Mertens Tinne C J, Karmouty-Quintana Harry, Taube Christian, Hiemstra Pieter S
Department of Pulmonology, Leiden University Medical Center, Leiden, The Netherlands; Department of Biochemistry and Molecular Biology, The University of Texas Health Science Center at Houston, Houston, TX, USA.
Department of Biochemistry and Molecular Biology, The University of Texas Health Science Center at Houston, Houston, TX, USA.
Pulm Pharmacol Ther. 2017 Aug;45:101-113. doi: 10.1016/j.pupt.2017.05.008. Epub 2017 May 11.

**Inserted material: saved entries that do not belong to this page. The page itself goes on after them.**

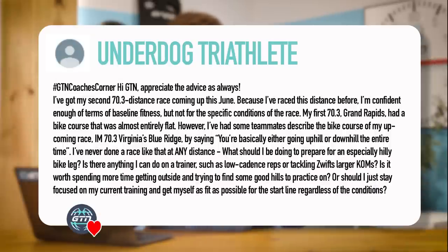Next question from Underdog Triathlon. He said: Hi GTN, appreciate the advice as always. I've got my second 70.3 distance race coming up this June. Because I've raced this distance before, I'm confident enough in terms of baseline fitness, but not the specific conditions of the race. My first 70.3 Grand Rapids had a bike course that was almost entirely flat. However, my upcoming race — 70.3 Virginia Blue Ridge — is described as basically either going uphill or downhill the entire time. I've never done a race like that at any distance. What should I be doing to prepare for an especially hilly bike leg? Is there anything I can do on a trainer, such as low cadence reps or tackling Zwift's larger KOMs? Is it worth spending more time getting outside and trying to find some good hills? Or should I just stay focused on my current training and get myself as fit as possible?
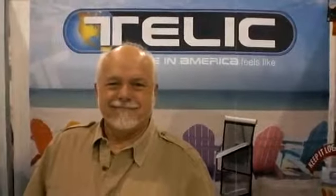Hi, this is Cam White and I'm at the Magic Platform Show in Las Vegas, a very, very large shoe show. And I'm with Kip Odermatt from Telic Footwear.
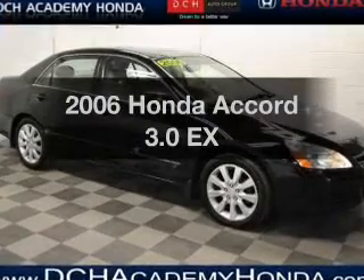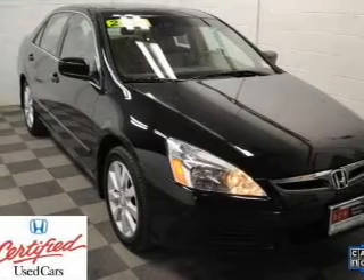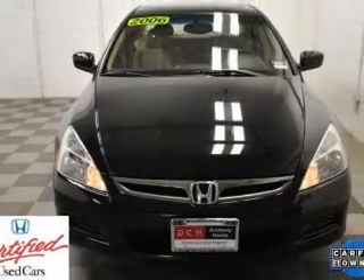Get noticed in this 2006 Honda Accord. This is the set of wheels you've been looking for, with a solid 6-cylinder engine that responds smoothly to its 5-speed automatic transmission. Premium wheels lend a distinctive appearance.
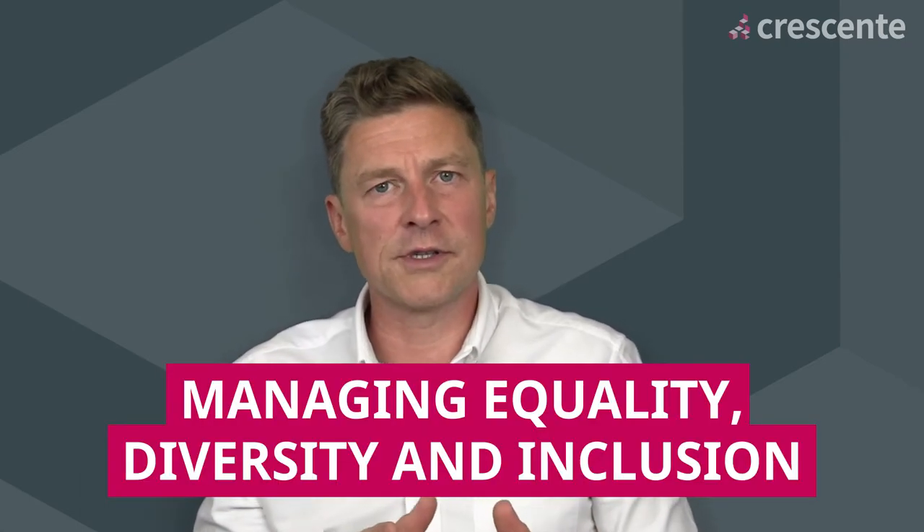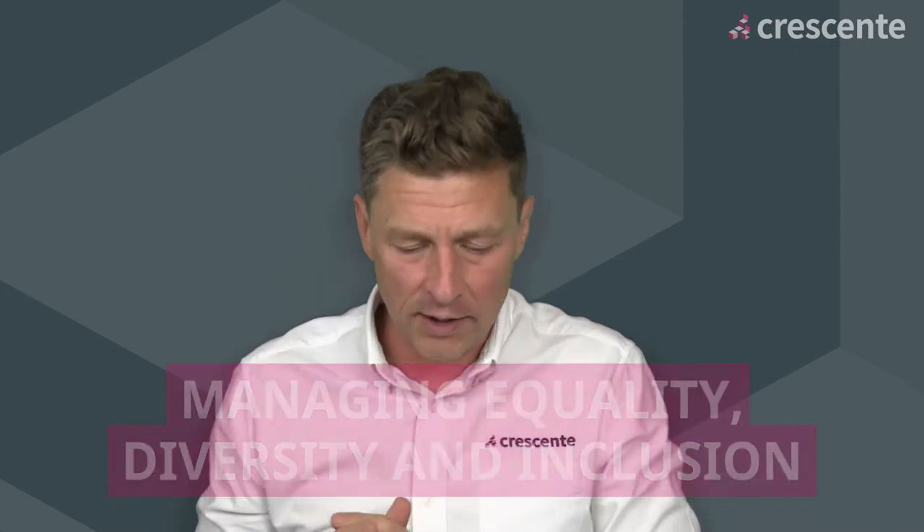The next qualification is the CMI Level 5 in Managing Equality, Diversity and Inclusion. It's one unit — unit 506 from the main Management and Leadership syllabus — and it's a standalone Diversity and Inclusion qualification. What's really nice about it is it's more management-focused rather than HR-focused, so it's useful for team leaders and middle managers who want to get more confident and skilled at managing diversity and inclusion at a team or service level.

Asthma and chronic obstructive pulmonary disease (COPD) are considered as two distinct obstructive diseases. Both chronic diseases share a component of airway epithelial dysfunction. The airway epithelium is localized to deal with inhaled substances, and functions as a barrier preventing penetration of such substances into the body. In addition, the epithelium is involved in the regulation of both innate and adaptive immune responses following inhalation of particles, allergens and pathogens. Through triggering and inducing immune responses, airway epithelial cells contribute to the pathogenesis of both asthma and COPD. Various in vitro research models have been described to study airway epithelial cell dysfunction in asthma and COPD. However, various considerations and cautions have to be taken into account when designing such in vitro experiments. Epithelial features of asthma and COPD can be modelled by using a variety of disease-related invoking substances either alone or in combination, and by the use of primary cells isolated from patients. Differentiation is a hallmark of airway epithelial cells, and therefore models should include the ability of cells to differentiate, as can be achieved in air-liquid interface models. More recently developed in vitro models, including precision cut lung slices, lung-on-a-chip, organoids and human induced pluripotent stem cells derived cultures, provide novel state-of-the-art alternatives to the conventional in vitro models. Furthermore, advanced models in which cells are exposed to respiratory pathogens, aerosolized medications and inhaled toxic substances such as cigarette smoke and air pollution are increasingly used to model e.g. acute exacerbations. These exposure models are relevant to study how epithelial features of asthma and COPD are affected and provide a useful tool to study the effect of drugs used in treatment of asthma and COPD. These new developments are expected to contribute to a better understanding of the complex gene-environment interactions that contribute to development and progression of asthma and COPD.
哮喘和慢性阻塞性肺疾病(COPD)被认为是两种不同的阻塞性疾病。这两种慢性疾病都存在气道上皮功能障碍的情况。气道上皮负责处理吸入的物质,并作为一道屏障防止这些物质进入体内。此外,上皮还参与吸入颗粒、过敏原和病原体后先天性和适应性免疫反应的调节。通过触发和诱导免疫反应,气道上皮细胞在哮喘和COPD的发病机制中发挥作用。已经描述了各种体外研究模型来研究哮喘和COPD中的气道上皮细胞功能障碍。然而,在设计此类体外实验时,必须考虑到各种因素并谨慎行事。哮喘和COPD的上皮特征可以通过单独或组合使用多种与疾病相关的激发物质,以及使用从患者分离的原代细胞来模拟。分化是气道上皮细胞的一个标志,因此模型应包括细胞分化的能力,这在气液界面模型中可以实现。最近开发的体外模型,包括精密切割肺切片、芯片肺、类器官和人诱导多能干细胞衍生培养物,为传统体外模型提供了新颖的先进替代方案。此外,越来越多地使用细胞暴露于呼吸道病原体、雾化药物和吸入有毒物质(如香烟烟雾和空气污染)的先进模型来模拟例如急性加重。这些暴露模型对于研究哮喘和COPD的上皮特征如何受到影响以及为研究用于治疗哮喘和COPD的药物的效果提供了有用的工具。这些新进展有望有助于更好地理解导致哮喘和COPD发生和发展的复杂基因-环境相互作用。